DPRD Kabupaten Subang menggelar sidang paripurna istimewa pada Jumat (15/8) untuk mendengarkan pidato kenegaraan Presiden RI, Prabowo Subianto, dalam rangka HUT ke-80 Kemerdekaan Republik Indonesia.
Ketua DPRD Subang, Victor Wirabuana, menekankan bahwa kemerdekaan bukan hanya simbol perjuangan, tetapi juga momen refleksi dan penguatan semangat persatuan menuju Indonesia Emas 2045. Ia turut menyampaikan duka cita atas wafatnya Ketua Bapemperda, Dang Agung, S.Kom.

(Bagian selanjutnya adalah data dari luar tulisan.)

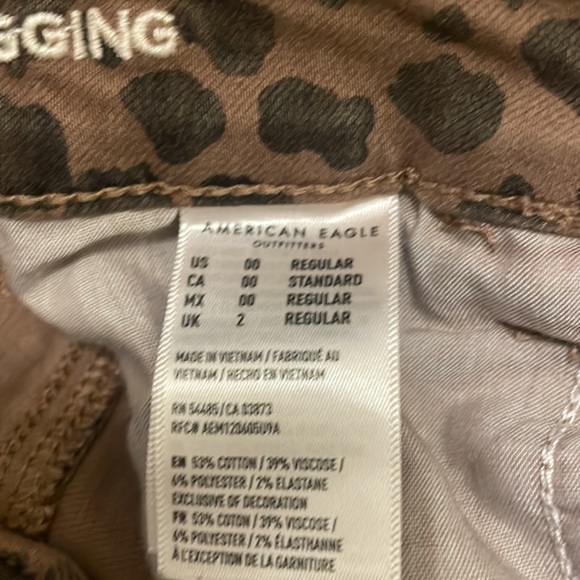 american eagle jeans size 00 - Picture 3 of 3
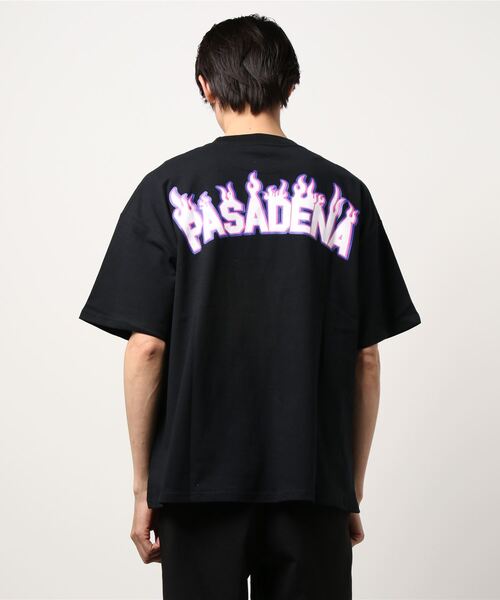 SPINNS（スピンズ）の「【ゆったりシルエット】 FIRE PSDNバックプリント半袖Tシャツ（Tシャツ/カットソー・メンズ・ホワイト/グリーン/ブラック・ONESIZE）」の16枚目の写真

Sementara itu dalam pidatonya yang disimak bersama melalui live streaming Youtube Sekretariat Presiden, Ketua DPR RI, Puan Maharani, menyoroti peran penting partai politik sebagai institusi perjuangan yang harus melahirkan pemimpin berpihak kepada rakyat, serta menegaskan pentingnya kehadiran langsung pemerintah di tengah masyarakat.
Presiden Prabowo pun dalam pidato kenegaraannya menekankan bahwa kemerdekaan sejati berarti terbebas dari kemiskinan dan kelaparan. Ia mendorong kemandirian pangan dan ekonomi sebagai prioritas utama, dan menyatakan komitmen pemerintah untuk mewujudkannya secepat mungkin.

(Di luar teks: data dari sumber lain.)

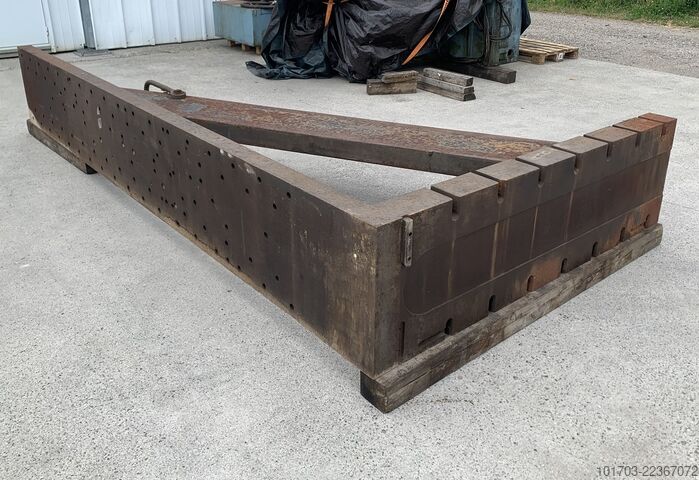 Pereche de plăci unghiulare din fontă Equerres de bridage en fonte 4000 x 2000 x 575 mm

Respons cepat terhadap isu strategis seperti pencabutan izin tambang di Geopark Raja Ampat, penyelesaian tapal batas Aceh-Sumatera Utara, serta penetapan harga gabah layak, dinilai mencerminkan keberpihakan pemerintah kepada rakyat.
Usai sidang, Bupati Subang, Reynaldy Putra Andita Budi Raemi, menyampaikan komitmennya dalam menjaga kestabilan ekonomi masyarakat.
Ia memastikan tidak akan menaikkan Pajak Bumi dan Bangunan (PBB) di Kabupaten Subang seperti isu yang ramai dibincangkan oleh masyarakat saat ini.
“Indonesia tanah pusaka, pusaka untuk semuanya,” menjadi penegasan bahwa semangat kemerdekaan harus dirasakan dan dijaga bersama.